Electronic – Bulk capacitor needed for USB device that is always attached

power supplyusb

The USB spec calls for a bulk capacitor of no less than 120uF on each downstream port. I have a total of 7 ports on my USB Hub, 6 of them are connectors where you can attach USB devices, however there is one internal device: FTDI's FT232R VCOM IC. This device is always attached and I'm wondering if I still need the bulk capacitance.

Based on what I've read of USB design guidelines the bulk capacitance is there for when you attach a device you don't cause too much droop on other ports.

Any advice?

Schematic:

Distribution Switch:

Power Switch for VBUS

VBUS:

VBUS5 Circuit to power FT232RL and RS232 Transceiver.

FT232RL and RS232 Transceiver:

FT232RL Circuit

Best Answer

If it's a guideline or recommendation, then read the datasheet and figure out what the reasoning is behind the guideline. It may not even be applicable to your design.

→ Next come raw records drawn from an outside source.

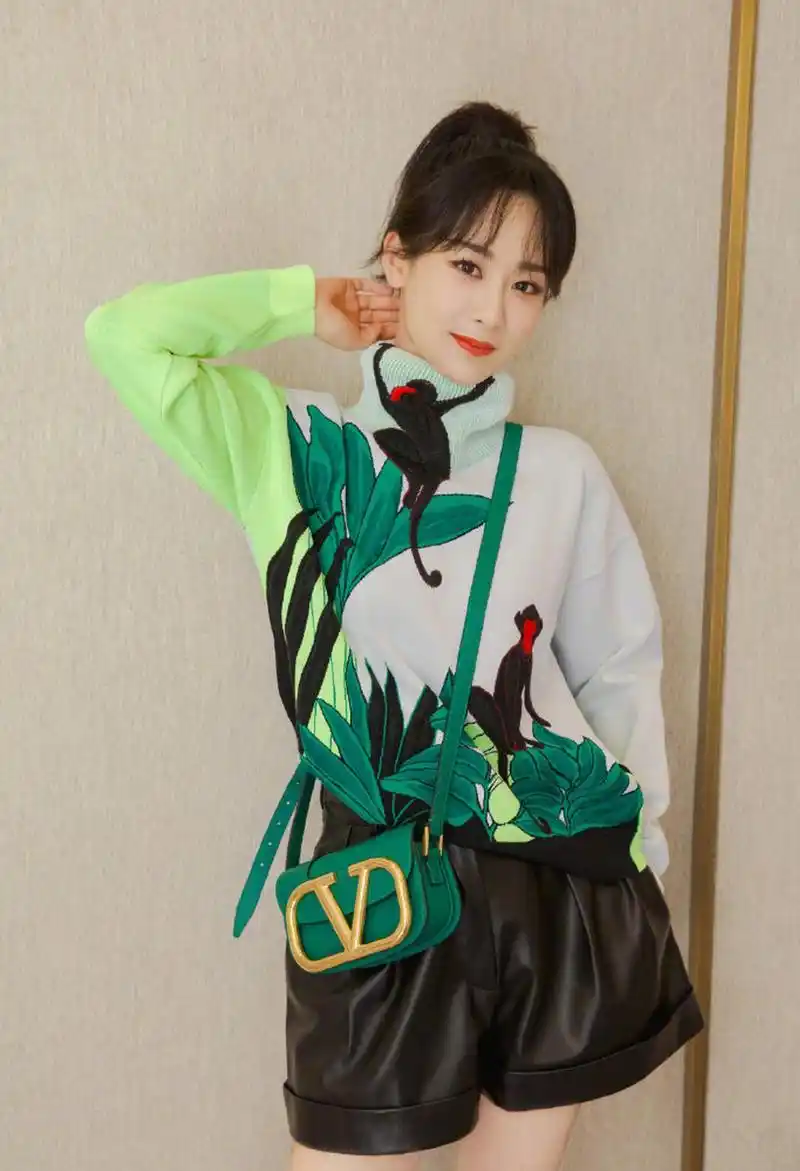 杨紫嵌花刺绣毛衣搭皮质短裤俏皮可爱 头扎高马尾活力满满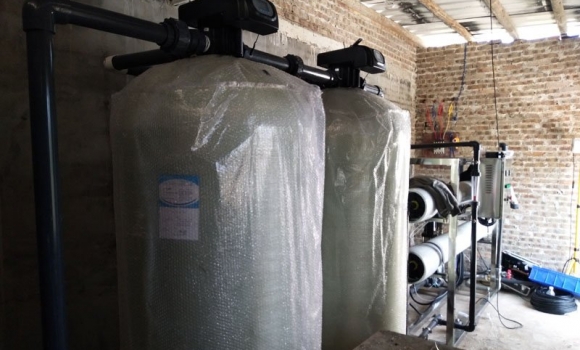 每小時(shí)4噸反滲透純凈設(shè)備，南寧純凈水設(shè)備廠家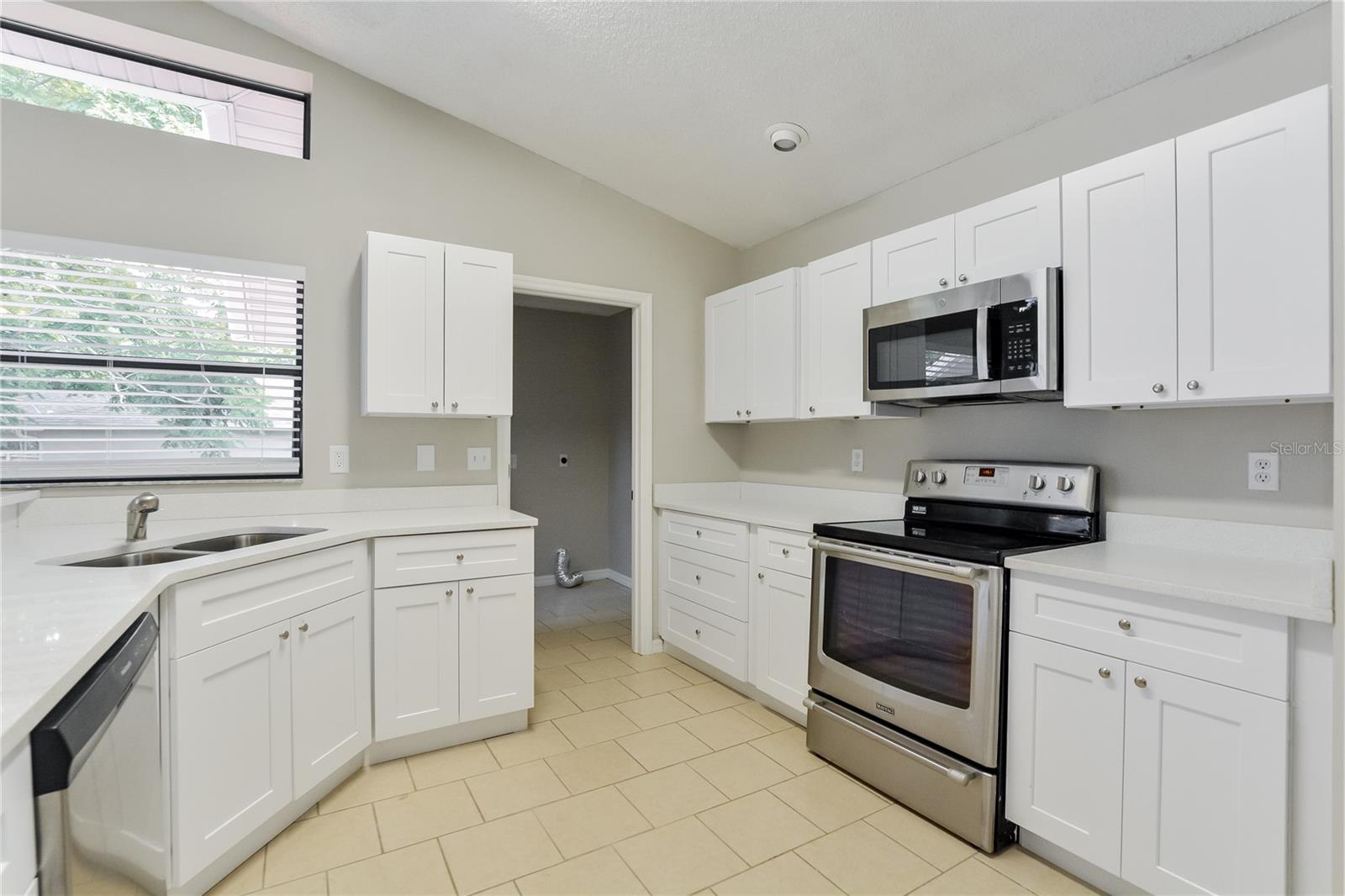 Image 9 of 16 For 1312 Seagate Drive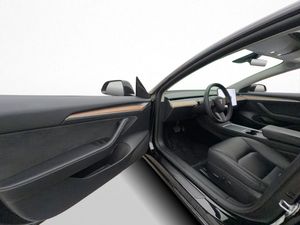 Tesla Model 3 bild 14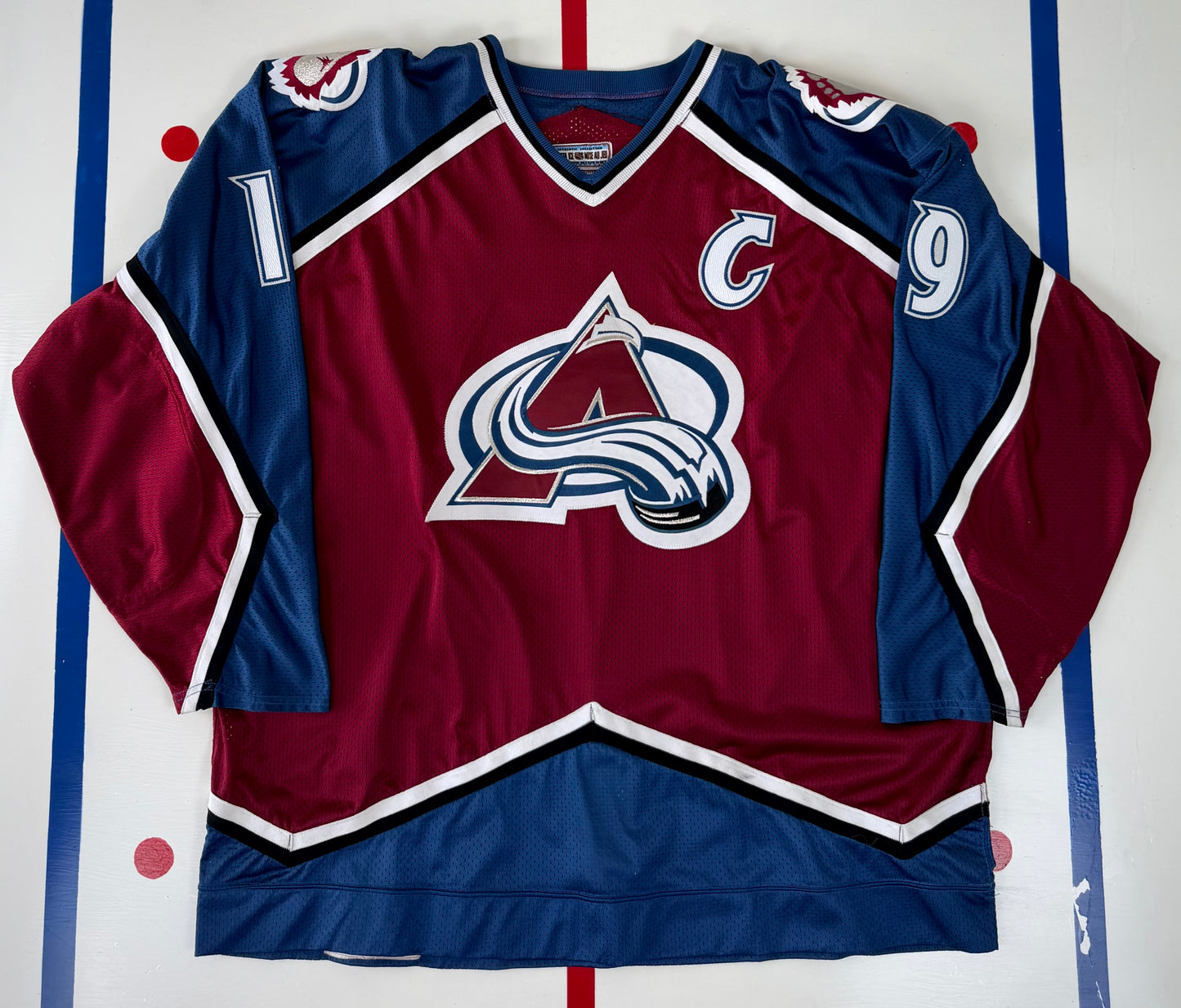 Colorado Avalanche Joe Sakic 1995-1996 Team Issued NHL Hockey Jersey (56/XXL)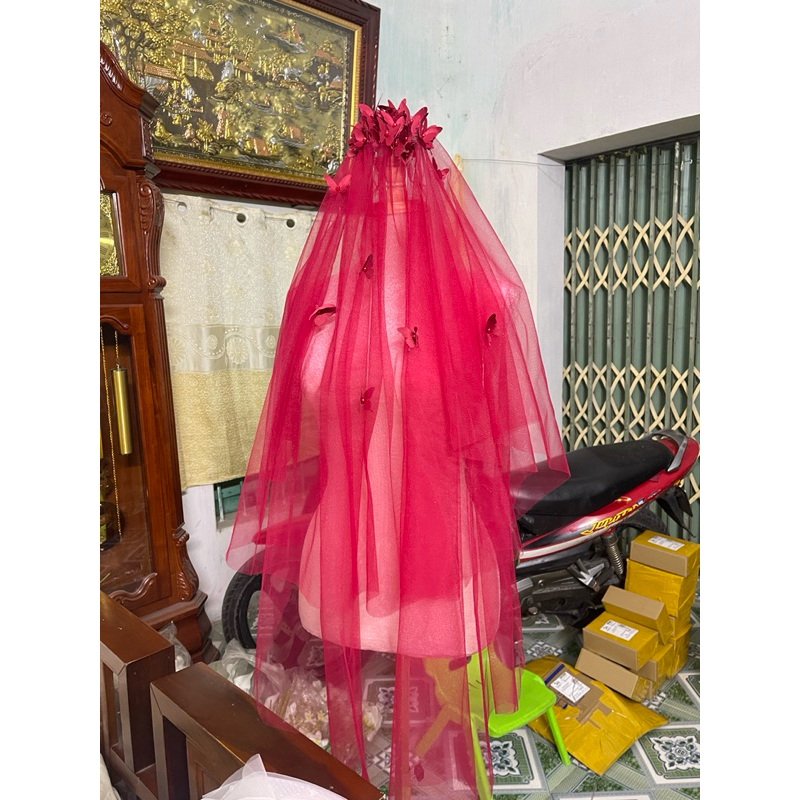 🪭Voan cô dâu đính bươm bướm 2 màu(trên ảnh là đỏ đô)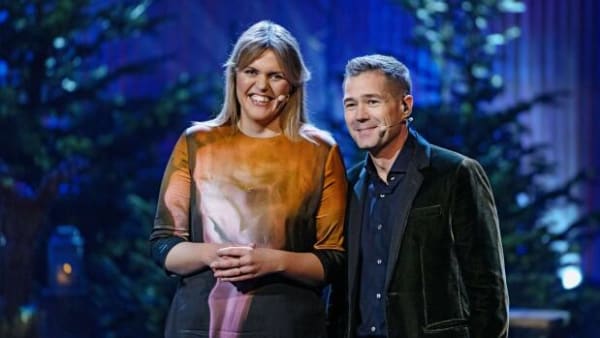 Johannes Langkilde og Katrine Muff blander julens sange og salmer i halvanden times fællessang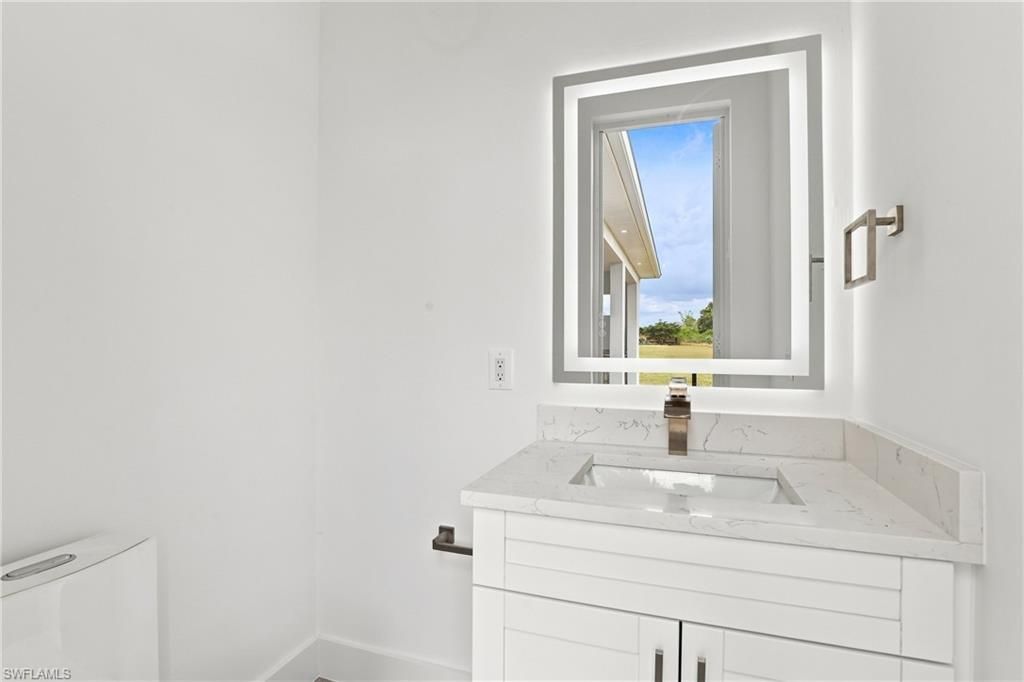1120 NE 32nd Ln , Cape Coral, FL 33909 Photo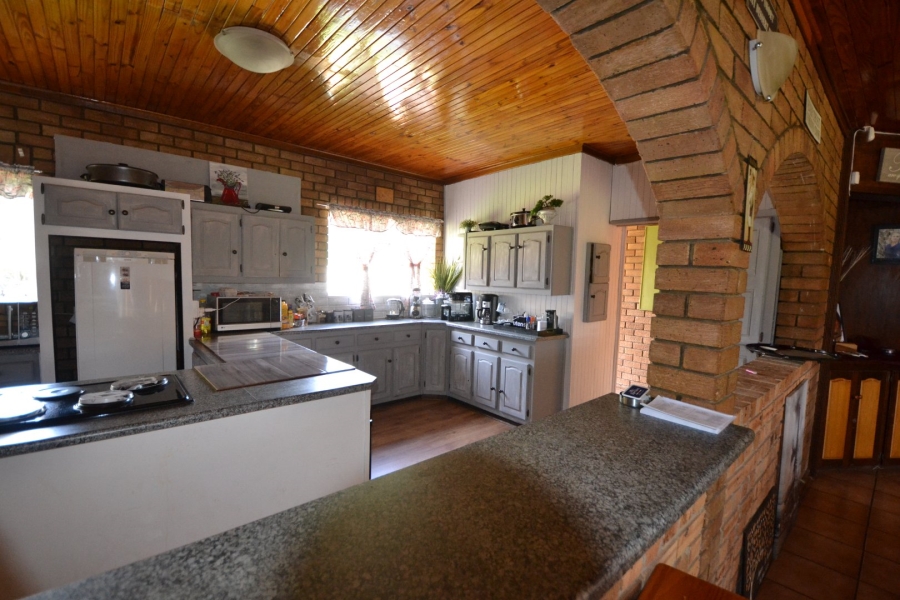 7 Bedroom Property for Sale in Riebeeckstad Free State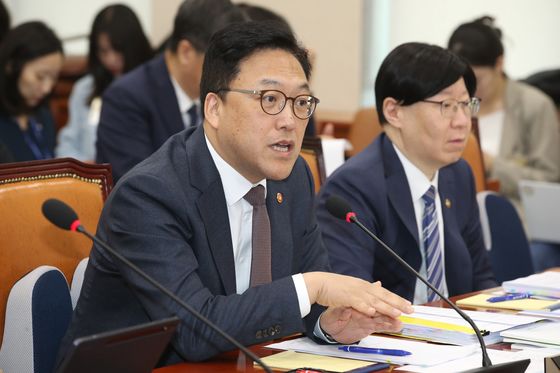 김병환 "ESG 공시 로드맵, 국제 동향 살펴야…최대한 노력"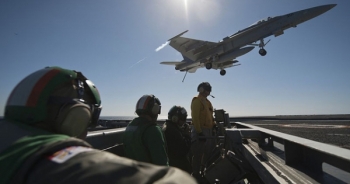Máy bay chiến đấu đâm trúng thủy thủ trên tàu sân bay Mỹ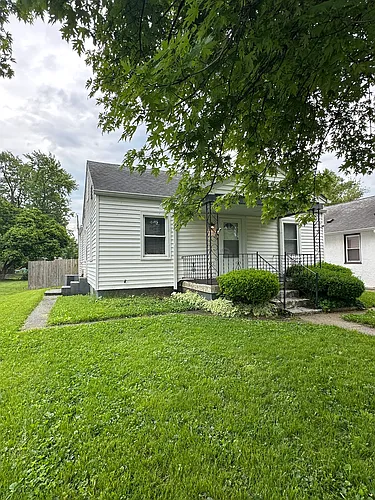 2725 Denison St Photo 1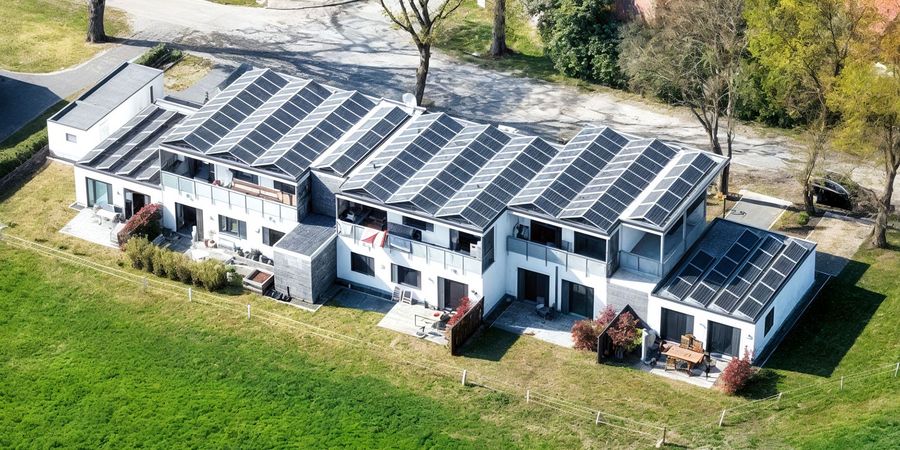 Solid.Modulbau GmbH Solarelektrisches Wohngebäude Solid.Modulbau GmbH Solarelektrisches Wohngebäude
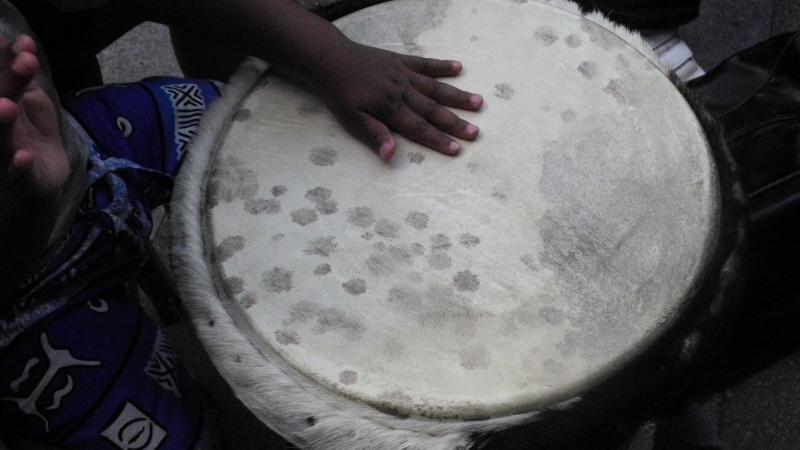 1. Taller de danza y percusión africanas en Casa África el Día de África, África Vive 2012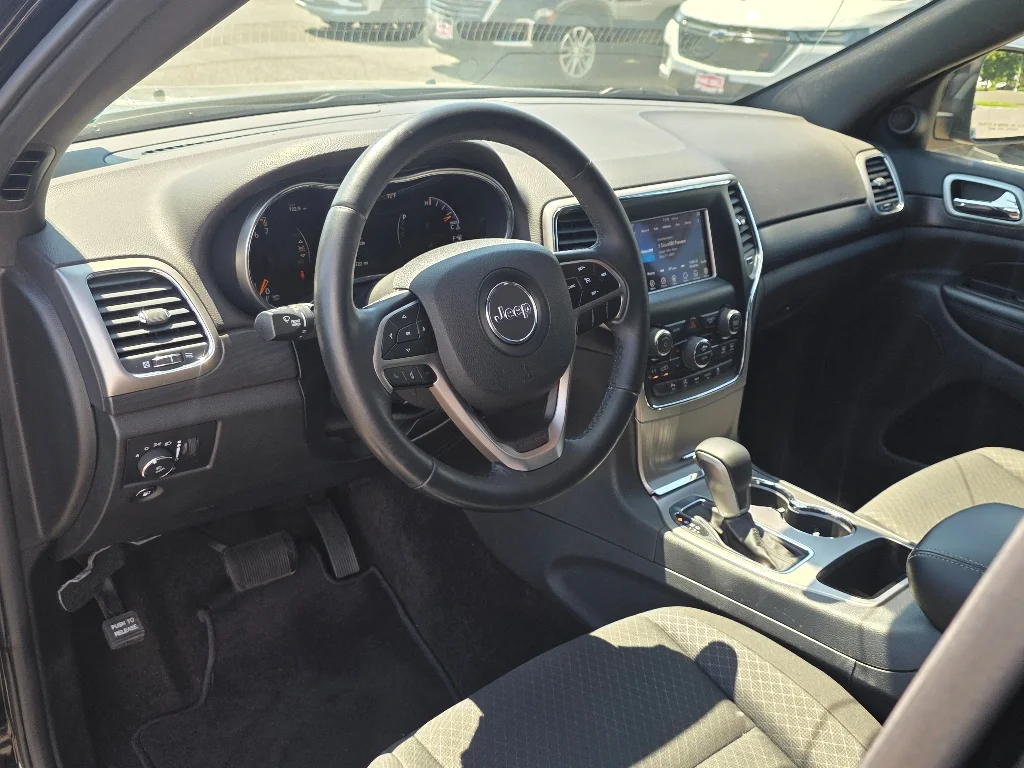 Used 2018 Diamond Black Crystal Pearlcoat Jeep Laredo E image 32
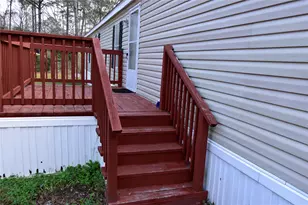 2 Lakeview Ln, Huntsville, TX 77340 - Photo 4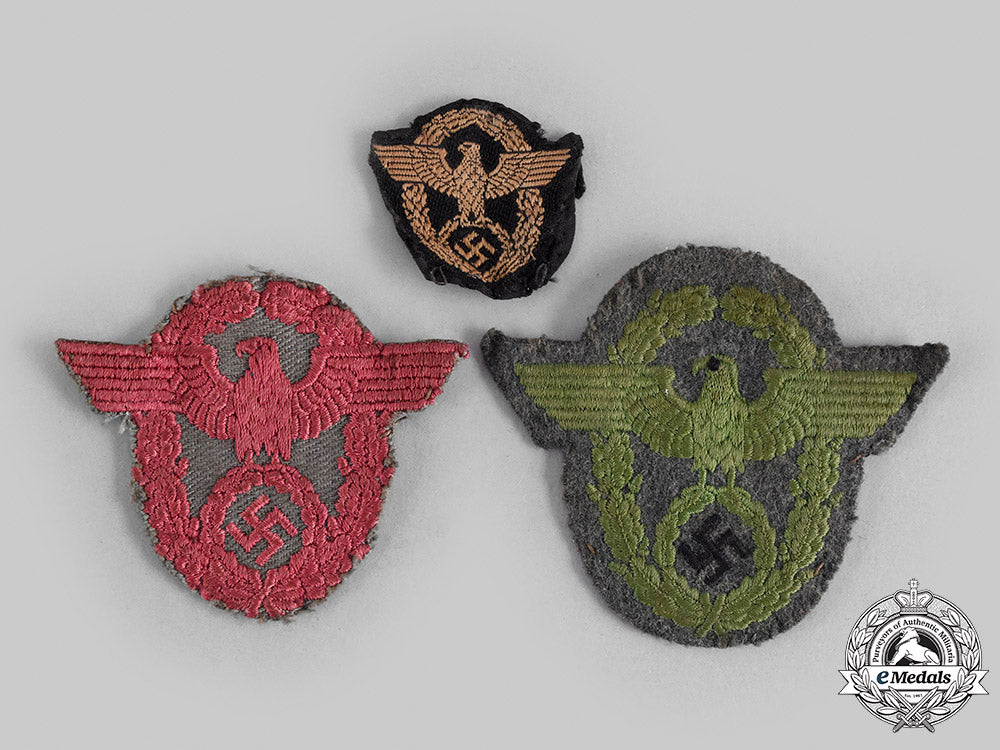 germany,_ordnungspolizei._a_lot_of_german_police_cloth_insignia_m20_1912_emd0455_1_1_1_1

Since the hub is an internal hub and the devices were not going to change (not plugged in or plugged out by the user), then you probably don't need a big capacitor because you won't have voltage spikes from hot swapping, only during power up. I'd go with a standard bypass value like 1uF.

If, however, you were designing for a consumer device and you don't know what the load is going to be (could be a 2A phone, which will be a heavy load) they you could have a problem, you may want to go beyond the 120uf.

My point is they are recommendations not requirements (or strong recommendations), the manufacture recommended them because they probably had customers that forgot to put them in and they complained. Or they experienced dropouts during testing, so they put the recommendations in the sheet. Since your application is different you can ignore that recommendation.